[[ RECORDS SHOWN, beginning ]]

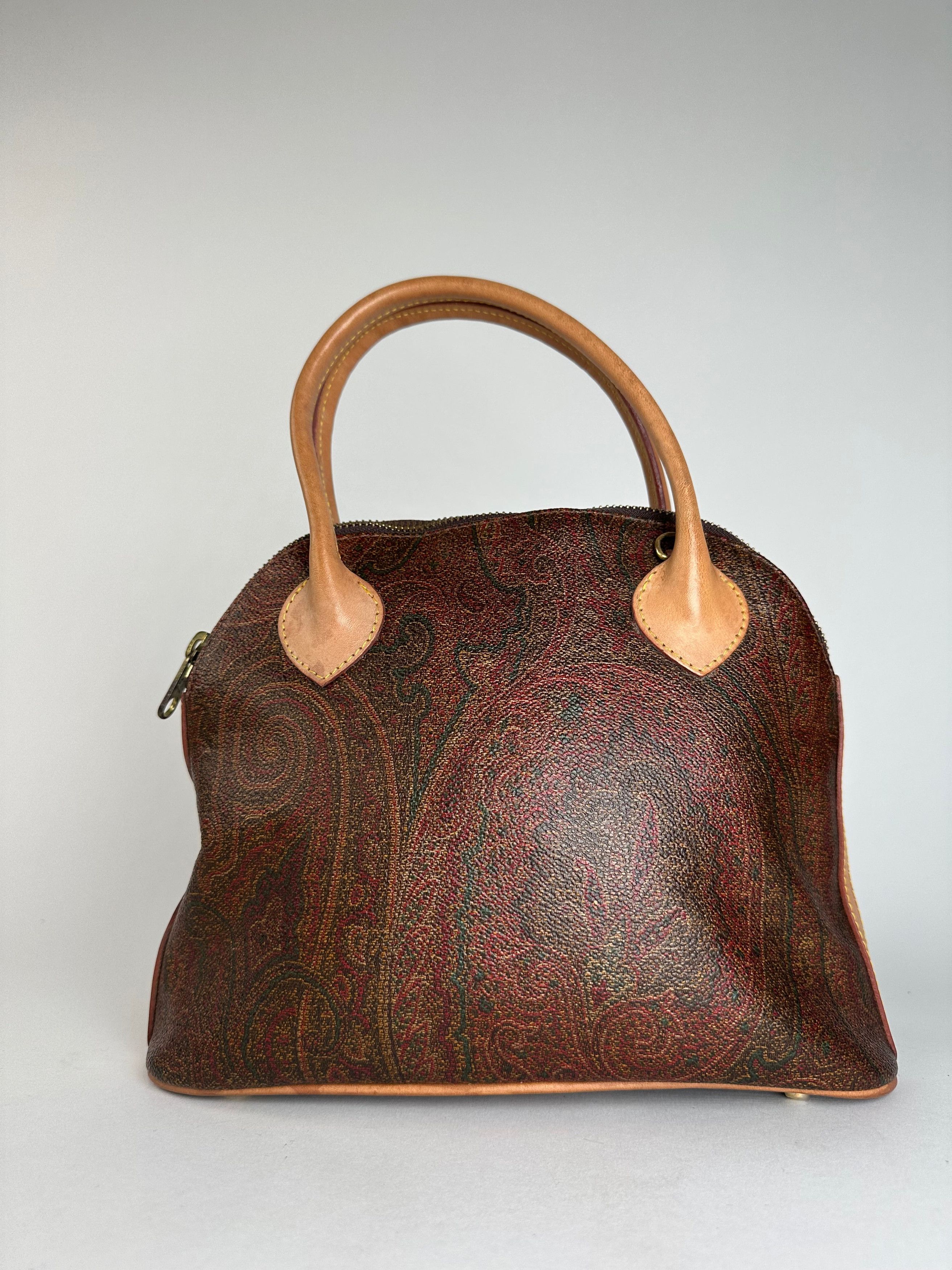 Etro Vintage Paisley Monogram 2Way Leather Handbag Orange Red Bro Size ONE SIZE - 7 Thumbnail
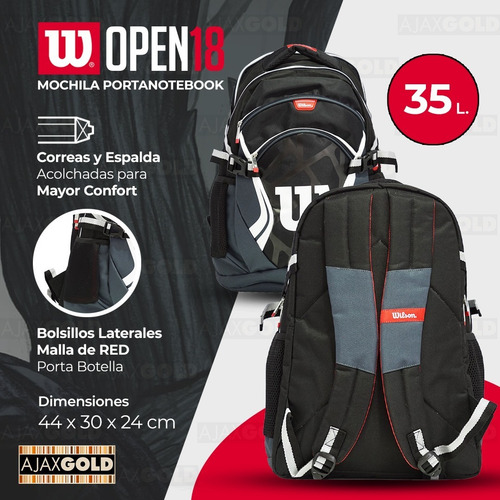 Imagen 4 de 9 de Mochila Wilson Open Urbana Deportes Escolar Porta Notebook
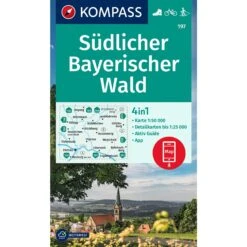 KOMPASS WANDERKARTE 197 SÜDLICHER BAYERISCHER WALD 1:50.000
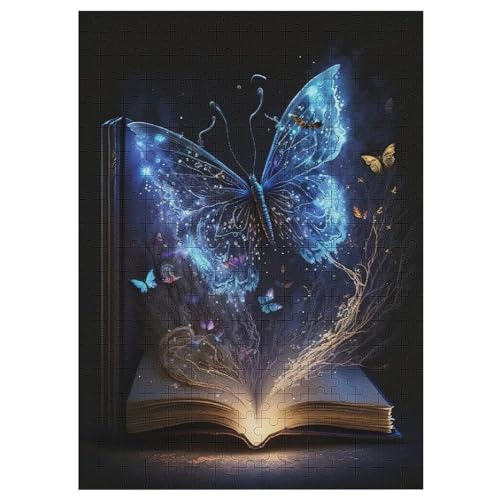 Schmetterling Holzpuzzle 300 Teile, Knobelspiele Für Erwachsene, Teenager, Puzzles Unmögliche - Kinder Puzzle Zimmer Deko （42×30cm） von GGJJTT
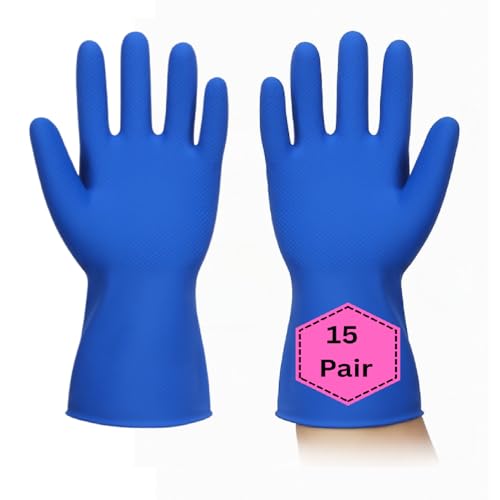 Image of Multipurpose Safety Gloves for Work, Gardening, and Home Use - Reusable & Durable | Hand Safety Nitrile Gloves | Industrial Hand Protection Gloves (Blue, 15 Pair)
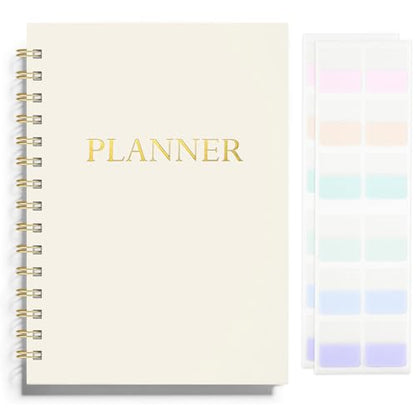 LONLAT Undated Weekly and Monthly Planner Spiral Bound- Weekly Goals Notebook, To Do List, Habit Tracker Journal, Academic, Aesthetic, Stylish School or Office Supplies (6.1" x 8.4" - Cream) - color: Cream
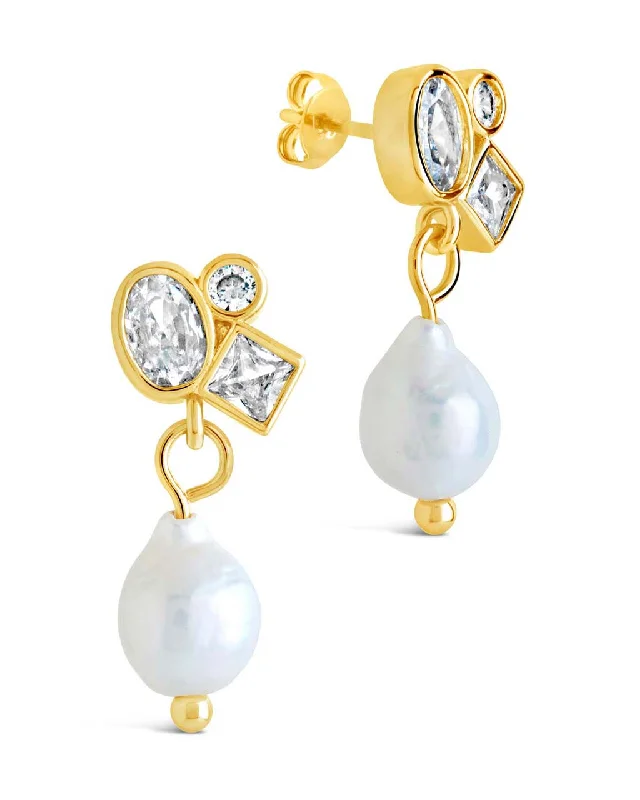 Slim threader earrings-Slim threader earrings-Penny CZ & Pearl Cluster Studs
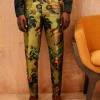 A mixed shade of green with a splash of gold-printed jacquard pants.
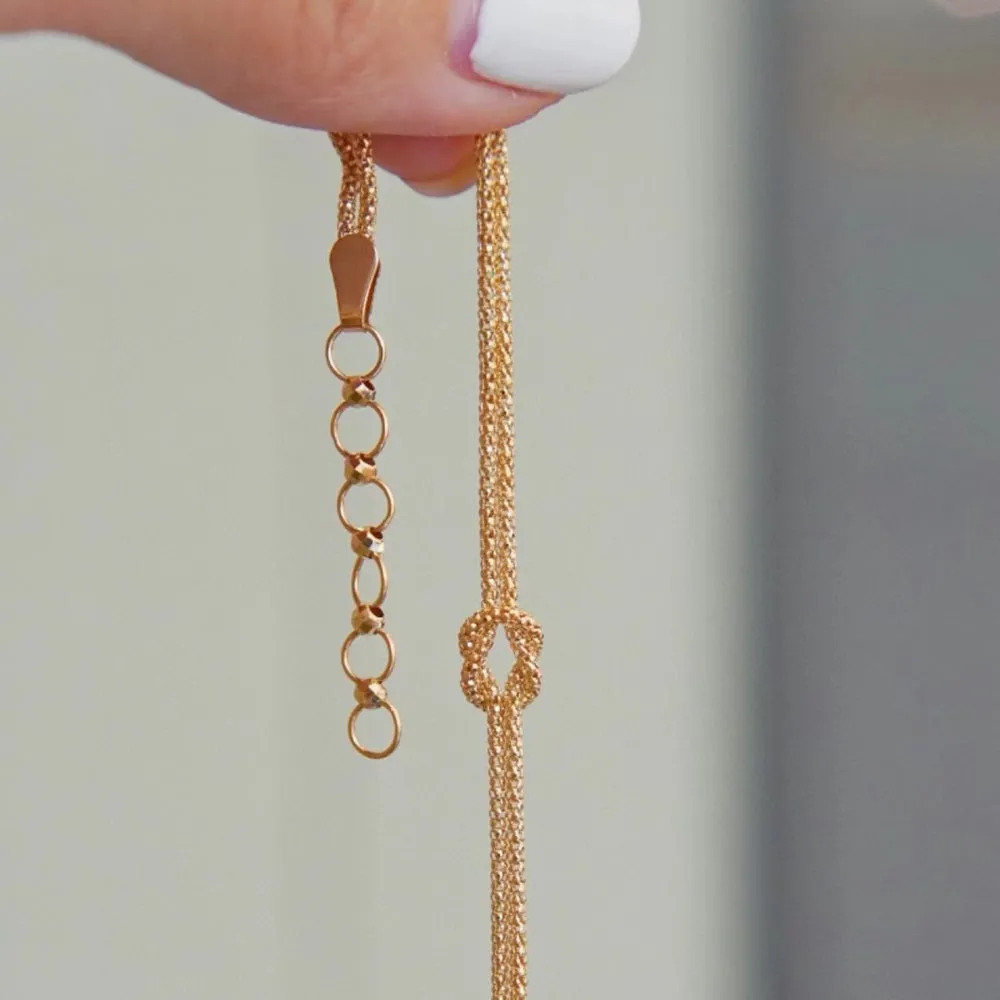 Authentic 18K Solid Gold Braided Knot Chain Bracelet Elegant Beautiful Jewelry 7.1"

[[ RECORDS SHOWN, end ]]

TASK GOAL: Each line from the one holding "Imagen 4 de" to the end of the records above must be copied exactly; the pictures must not be copied.

TASK OUTPUT:
 Imagen 4 de 9 de Mochila Wilson Open Urbana Deportes Escolar Porta Notebook
 KOMPASS WANDERKARTE 197 SÜDLICHER BAYERISCHER WALD 1:50.000
 Schmetterling Holzpuzzle 300 Teile, Knobelspiele Für Erwachsene, Teenager, Puzzles Unmögliche - Kinder Puzzle Zimmer Deko （42×30cm） von GGJJTT
 Image of Multipurpose Safety Gloves for Work, Gardening, and Home Use - Reusable & Durable | Hand Safety Nitrile Gloves | Industrial Hand Protection Gloves (Blue, 15 Pair)
 LONLAT Undated Weekly and Monthly Planner Spiral Bound- Weekly Goals Notebook, To Do List, Habit Tracker Journal, Academic, Aesthetic, Stylish School or Office Supplies (6.1" x 8.4" - Cream) - color: Cream
 Slim threader earrings-Slim threader earrings-Penny CZ & Pearl Cluster Studs
 A mixed shade of green with a splash of gold-printed jacquard pants.
 Authentic 18K Solid Gold Braided Knot Chain Bracelet Elegant Beautiful Jewelry 7.1"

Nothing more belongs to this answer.